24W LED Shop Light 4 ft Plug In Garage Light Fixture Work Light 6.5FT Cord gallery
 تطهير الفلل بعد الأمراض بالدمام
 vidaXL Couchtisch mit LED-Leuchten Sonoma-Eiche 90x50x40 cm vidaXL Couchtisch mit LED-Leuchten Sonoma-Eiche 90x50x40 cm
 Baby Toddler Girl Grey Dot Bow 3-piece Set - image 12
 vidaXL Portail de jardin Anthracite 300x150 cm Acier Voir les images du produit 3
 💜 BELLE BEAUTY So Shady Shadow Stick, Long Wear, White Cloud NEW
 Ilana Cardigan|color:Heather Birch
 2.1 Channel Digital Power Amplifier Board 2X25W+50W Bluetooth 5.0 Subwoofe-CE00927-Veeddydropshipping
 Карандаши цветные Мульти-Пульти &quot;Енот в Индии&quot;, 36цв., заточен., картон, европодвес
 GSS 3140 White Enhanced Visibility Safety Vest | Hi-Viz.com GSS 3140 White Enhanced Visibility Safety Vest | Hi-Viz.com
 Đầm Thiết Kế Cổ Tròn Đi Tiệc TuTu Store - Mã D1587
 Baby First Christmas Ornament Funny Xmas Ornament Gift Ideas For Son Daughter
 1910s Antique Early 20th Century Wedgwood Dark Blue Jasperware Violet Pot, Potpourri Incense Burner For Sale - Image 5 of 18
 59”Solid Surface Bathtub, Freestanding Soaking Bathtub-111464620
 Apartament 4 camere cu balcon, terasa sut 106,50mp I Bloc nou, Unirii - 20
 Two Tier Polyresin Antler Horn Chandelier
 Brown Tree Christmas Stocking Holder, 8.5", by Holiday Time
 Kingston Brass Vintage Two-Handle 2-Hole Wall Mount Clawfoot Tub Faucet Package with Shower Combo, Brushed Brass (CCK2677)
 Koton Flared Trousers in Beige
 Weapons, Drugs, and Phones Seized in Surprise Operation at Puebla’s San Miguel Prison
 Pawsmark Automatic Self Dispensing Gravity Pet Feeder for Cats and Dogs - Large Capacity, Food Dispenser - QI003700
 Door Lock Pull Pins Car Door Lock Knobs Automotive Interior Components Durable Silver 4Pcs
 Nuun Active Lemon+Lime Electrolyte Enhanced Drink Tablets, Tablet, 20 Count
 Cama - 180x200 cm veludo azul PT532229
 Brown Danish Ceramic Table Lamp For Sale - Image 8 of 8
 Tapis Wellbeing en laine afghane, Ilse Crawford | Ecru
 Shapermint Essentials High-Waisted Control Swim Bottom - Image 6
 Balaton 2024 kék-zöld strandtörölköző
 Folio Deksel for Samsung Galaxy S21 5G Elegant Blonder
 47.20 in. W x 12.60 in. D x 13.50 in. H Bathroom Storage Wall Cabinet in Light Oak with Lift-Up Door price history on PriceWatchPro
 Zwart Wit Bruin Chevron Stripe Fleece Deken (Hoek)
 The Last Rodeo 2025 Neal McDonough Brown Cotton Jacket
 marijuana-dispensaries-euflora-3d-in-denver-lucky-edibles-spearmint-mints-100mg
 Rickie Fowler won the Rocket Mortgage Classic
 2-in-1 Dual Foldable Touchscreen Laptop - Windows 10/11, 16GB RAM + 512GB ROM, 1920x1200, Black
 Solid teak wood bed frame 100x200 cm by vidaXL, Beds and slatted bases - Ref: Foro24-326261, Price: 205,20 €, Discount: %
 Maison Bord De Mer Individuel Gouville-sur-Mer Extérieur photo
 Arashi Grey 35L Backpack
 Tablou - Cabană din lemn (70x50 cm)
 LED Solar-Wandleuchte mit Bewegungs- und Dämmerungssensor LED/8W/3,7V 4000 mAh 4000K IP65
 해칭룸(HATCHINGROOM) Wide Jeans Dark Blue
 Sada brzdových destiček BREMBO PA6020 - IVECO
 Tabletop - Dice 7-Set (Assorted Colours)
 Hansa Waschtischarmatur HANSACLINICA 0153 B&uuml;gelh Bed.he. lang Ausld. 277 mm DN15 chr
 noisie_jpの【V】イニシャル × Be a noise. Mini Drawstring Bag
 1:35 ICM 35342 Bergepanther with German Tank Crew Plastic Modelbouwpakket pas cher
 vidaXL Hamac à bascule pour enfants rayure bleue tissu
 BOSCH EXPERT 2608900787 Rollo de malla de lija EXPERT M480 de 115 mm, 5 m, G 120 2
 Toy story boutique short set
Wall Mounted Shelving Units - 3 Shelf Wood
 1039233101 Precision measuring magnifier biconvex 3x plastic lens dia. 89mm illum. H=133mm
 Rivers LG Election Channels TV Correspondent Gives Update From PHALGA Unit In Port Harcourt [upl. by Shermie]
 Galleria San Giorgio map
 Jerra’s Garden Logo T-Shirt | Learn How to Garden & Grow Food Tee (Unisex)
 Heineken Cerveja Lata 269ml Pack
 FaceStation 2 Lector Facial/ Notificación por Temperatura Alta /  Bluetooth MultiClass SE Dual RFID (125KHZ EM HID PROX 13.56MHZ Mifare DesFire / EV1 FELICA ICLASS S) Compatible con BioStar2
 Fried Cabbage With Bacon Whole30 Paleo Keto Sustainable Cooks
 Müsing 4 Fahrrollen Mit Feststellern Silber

•••

- [Task details]: The reply should consist solely of the lines of the data, exact, from the opening line through the line with "cm vidaXL Couchtisch mit LED-Leuchten Sonoma-Eiche 90x50x40 cm", inclusive.

- [Output below]:
24W LED Shop Light 4 ft Plug In Garage Light Fixture Work Light 6.5FT Cord gallery
 تطهير الفلل بعد الأمراض بالدمام
 vidaXL Couchtisch mit LED-Leuchten Sonoma-Eiche 90x50x40 cm vidaXL Couchtisch mit LED-Leuchten Sonoma-Eiche 90x50x40 cm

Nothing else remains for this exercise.